Case Summary: New Developments to the Laws of Adverse Possession and Municipal Parklands
Kosicki v. City of Toronto, 2025 SCC28
A recent decision from the Supreme Court of Canada has clarified that municipally owned parkland in Ontario is not protected from adverse possession claims unless it is explicitly exempted by statute.
Background
In 2017, the appellant owners purchased a home in Toronto that backs onto a municipally owned laneway separating their property from a large public park. Several years later, they discovered that a portion of their backyard (the “Disputed Land”), which was enclosed within their fence, was in fact owned by the City of Toronto (“City”).
The tract of land comprising the Disputed Land, the laneway, and the park was expropriated by a conservation authority in 1958 and subsequently conveyed to the municipality in 1971. Between 1958 and 1971, a fence was constructed around the property’s backyard, effectively preventing public access to the Disputed Land. Over the following decades, successive homeowners openly, exclusively, and continuously maintained and occupied the Disputed Land, paying property taxes based on a lot size that included this area, with the City accepting these payments until 2020.
When the appellant owners attempted to purchase the Disputed Land from the City, their request was denied due to a municipal policy discouraging the sale of lands in its green space. As a result, they brought a claim for adverse possession, seeking a judicial declaration that the Disputed Land had become their property. The City opposed the claim, arguing that municipal parkland should be protected from adverse possession.
Findings of the Courts
Ontario Superior Court of Justice
The application judge found that the appellant owners’ claim would have met the traditional test for adverse possession as the Disputed Land was fenced in by the previous owners since at least 1971, with no objection from the City. The Court determined that the use of the Disputed Land was open, notorious, peaceful, adverse, exclusive, actual, and continuous for well over the statutory ten-year period.
However, while the facts supported the claim, the application judge dismissed the application on public policy grounds, holding that publicly owned land of this kind is immune to claims for adverse possession.
Ontario Court of Appeal
The majority of the Court of Appeal upheld the application judge’s decision, but for different reasons. The Court applied a “public benefit test,” finding that lands held for public use should not be lost to private parties through adverse possession unless there is clear evidence that the municipality had waived its rights or acknowledged or acquiesced in the possession, none of which had occurred in this case.
Supreme Court of Canada
At the Supreme Court of Canada, the majority allowed the appeal. The Court held that creating a new common law immunity for municipal parkland would be inconsistent with the statutory framework established by Ontario’s Real Property Limitations Act (“RPLA”). The Court emphasized that the RPLA provides a comprehensive and exhaustive list of lands exempt from adverse possession, which does not include municipal parkland. The Court further stated that it is not the judiciary’s role to introduce new exemptions on the basis of public policy; any such changes must be made by the legislature.

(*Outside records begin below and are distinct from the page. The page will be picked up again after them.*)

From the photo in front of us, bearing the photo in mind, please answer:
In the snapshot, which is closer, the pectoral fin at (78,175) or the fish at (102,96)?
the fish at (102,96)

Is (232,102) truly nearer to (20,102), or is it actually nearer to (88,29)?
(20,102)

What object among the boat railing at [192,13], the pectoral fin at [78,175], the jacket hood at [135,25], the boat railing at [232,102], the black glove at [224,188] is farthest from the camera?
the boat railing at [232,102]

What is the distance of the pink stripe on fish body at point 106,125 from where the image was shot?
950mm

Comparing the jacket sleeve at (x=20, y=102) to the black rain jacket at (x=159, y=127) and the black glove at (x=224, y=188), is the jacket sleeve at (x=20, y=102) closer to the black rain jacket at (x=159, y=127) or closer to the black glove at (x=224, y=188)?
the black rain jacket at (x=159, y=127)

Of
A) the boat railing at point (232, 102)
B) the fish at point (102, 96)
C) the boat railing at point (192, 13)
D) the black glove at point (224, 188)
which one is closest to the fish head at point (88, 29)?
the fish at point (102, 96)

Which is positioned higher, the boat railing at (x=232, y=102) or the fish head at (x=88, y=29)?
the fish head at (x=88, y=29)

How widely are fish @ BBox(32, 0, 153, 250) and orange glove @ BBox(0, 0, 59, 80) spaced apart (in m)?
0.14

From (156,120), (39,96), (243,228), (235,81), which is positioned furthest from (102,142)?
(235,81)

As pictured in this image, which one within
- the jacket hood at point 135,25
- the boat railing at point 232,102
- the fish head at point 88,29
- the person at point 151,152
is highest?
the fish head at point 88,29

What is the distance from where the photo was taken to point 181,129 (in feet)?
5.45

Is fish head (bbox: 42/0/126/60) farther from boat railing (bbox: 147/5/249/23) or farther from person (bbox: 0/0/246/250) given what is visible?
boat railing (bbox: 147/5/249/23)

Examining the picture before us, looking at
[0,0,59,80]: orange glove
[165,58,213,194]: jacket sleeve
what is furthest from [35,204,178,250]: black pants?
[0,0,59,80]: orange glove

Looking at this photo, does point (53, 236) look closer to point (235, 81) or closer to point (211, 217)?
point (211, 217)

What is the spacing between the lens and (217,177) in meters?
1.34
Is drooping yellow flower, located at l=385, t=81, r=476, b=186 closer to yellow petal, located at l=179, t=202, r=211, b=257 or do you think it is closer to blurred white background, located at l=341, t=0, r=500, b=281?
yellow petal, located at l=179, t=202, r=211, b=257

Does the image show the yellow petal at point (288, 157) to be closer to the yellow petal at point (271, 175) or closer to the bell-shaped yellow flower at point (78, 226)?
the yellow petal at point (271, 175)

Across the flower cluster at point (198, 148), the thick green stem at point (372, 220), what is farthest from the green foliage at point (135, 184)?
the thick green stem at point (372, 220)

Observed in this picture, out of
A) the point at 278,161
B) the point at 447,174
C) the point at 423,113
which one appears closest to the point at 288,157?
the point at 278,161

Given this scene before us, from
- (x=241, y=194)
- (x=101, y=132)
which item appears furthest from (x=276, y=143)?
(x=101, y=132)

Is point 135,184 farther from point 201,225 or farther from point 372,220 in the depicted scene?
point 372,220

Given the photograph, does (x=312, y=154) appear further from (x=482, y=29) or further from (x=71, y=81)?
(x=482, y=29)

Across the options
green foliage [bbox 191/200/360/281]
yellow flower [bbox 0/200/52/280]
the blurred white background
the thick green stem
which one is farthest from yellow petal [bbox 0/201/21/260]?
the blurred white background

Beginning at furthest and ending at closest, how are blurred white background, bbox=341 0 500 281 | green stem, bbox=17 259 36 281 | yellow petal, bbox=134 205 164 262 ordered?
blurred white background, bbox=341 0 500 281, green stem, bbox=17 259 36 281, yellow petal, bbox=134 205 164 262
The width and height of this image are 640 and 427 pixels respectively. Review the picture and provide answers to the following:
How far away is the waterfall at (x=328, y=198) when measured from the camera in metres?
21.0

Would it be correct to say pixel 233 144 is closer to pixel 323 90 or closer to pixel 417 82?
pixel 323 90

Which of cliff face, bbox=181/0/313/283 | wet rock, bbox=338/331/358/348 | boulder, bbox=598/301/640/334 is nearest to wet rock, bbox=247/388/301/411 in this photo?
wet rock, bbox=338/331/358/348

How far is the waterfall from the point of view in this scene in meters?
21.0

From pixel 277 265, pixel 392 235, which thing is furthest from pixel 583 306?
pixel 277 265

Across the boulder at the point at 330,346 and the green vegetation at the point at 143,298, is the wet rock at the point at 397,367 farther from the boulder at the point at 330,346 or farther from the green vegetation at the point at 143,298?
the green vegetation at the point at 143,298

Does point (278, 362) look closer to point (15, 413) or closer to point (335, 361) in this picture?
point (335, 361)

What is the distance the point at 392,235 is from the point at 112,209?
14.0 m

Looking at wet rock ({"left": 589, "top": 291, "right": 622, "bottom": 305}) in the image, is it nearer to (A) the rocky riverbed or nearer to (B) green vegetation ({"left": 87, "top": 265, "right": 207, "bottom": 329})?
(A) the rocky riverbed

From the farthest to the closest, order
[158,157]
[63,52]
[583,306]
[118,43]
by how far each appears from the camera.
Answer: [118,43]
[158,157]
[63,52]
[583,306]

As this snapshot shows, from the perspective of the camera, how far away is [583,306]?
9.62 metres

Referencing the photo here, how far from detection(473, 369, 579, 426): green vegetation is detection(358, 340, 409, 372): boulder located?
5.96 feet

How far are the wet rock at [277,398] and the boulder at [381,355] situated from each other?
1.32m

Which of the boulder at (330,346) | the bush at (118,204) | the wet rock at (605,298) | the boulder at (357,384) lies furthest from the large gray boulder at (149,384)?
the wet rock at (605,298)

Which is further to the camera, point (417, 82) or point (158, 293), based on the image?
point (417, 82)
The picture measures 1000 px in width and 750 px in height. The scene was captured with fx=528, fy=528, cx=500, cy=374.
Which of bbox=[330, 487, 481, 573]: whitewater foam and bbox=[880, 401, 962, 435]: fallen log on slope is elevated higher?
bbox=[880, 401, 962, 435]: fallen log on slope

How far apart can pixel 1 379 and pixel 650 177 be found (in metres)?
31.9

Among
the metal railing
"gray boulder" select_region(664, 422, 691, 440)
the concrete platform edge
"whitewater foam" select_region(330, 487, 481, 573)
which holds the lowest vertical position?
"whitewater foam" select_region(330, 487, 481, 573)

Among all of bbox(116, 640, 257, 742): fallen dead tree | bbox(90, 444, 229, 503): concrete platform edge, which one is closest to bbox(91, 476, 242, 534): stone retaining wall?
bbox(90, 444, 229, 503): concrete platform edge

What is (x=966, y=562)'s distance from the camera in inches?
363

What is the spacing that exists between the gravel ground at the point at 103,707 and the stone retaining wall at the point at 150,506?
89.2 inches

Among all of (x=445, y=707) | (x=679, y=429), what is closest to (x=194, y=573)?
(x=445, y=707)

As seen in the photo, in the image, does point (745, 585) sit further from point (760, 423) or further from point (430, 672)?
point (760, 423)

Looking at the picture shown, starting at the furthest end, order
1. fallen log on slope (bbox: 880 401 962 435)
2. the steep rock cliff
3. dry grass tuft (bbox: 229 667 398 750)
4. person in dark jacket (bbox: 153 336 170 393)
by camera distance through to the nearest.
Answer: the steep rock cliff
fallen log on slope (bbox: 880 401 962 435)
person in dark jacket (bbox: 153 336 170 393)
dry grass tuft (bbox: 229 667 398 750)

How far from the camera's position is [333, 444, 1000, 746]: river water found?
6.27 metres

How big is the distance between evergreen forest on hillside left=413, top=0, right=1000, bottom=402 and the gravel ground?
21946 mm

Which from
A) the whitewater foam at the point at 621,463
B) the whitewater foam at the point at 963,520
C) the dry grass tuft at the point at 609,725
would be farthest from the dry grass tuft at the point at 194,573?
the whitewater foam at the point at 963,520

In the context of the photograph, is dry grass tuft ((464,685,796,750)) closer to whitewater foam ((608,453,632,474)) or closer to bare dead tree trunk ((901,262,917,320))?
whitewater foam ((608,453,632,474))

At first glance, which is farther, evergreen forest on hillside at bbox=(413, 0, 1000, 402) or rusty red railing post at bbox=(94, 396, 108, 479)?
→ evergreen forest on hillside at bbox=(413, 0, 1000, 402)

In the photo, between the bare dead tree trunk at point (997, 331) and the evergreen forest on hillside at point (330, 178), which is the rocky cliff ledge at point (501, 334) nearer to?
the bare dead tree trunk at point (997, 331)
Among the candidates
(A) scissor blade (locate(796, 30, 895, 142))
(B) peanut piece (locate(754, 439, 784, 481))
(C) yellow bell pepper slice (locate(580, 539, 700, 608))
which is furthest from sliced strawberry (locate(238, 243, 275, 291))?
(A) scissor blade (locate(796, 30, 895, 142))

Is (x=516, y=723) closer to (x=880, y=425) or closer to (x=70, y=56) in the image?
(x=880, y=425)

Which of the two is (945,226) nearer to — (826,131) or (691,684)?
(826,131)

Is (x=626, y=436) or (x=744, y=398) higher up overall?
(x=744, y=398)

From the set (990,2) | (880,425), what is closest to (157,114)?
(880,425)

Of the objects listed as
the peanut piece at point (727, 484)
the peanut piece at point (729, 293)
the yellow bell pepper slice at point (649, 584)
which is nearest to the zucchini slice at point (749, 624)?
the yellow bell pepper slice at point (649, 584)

Importantly, the Court rejected the Court of Appeal’s “public benefit test”, which would have required a claimant to demonstrate that the municipality expressly consented to the possession. The Supreme Court noted that such a requirement would effectively nullify the doctrine of adverse possession, as possession with permission cannot be considered adverse..
Takeaways and Conclusion
The Supreme Court of Canada’s decision in Kosicki v. City of Toronto (Kosicki) establishes that municipal parkland in Ontario is not immune from adverse possession claims unless specifically protected by legislation. Although the case involved municipal parkland, the ruling has potential implications for a wide range of municipal properties.
Kosicki underscores the need for Ontario municipalities to take a more vigilant and systematic approach to land management. Without statutory protection, public lands are vulnerable to adverse possession, making ongoing oversight and prompt action to address encroachments essential.
The decision also reinforces the principle of legislative supremacy, confirming that only the legislature—not the courts—has the authority to expand the categories of public land exempt from adverse possession. As a result, the ruling leaves open the possibility for the Ontario legislature to amend the Real Property Limitations Act in the future to specifically protect municipal parkland from adverse possession claims.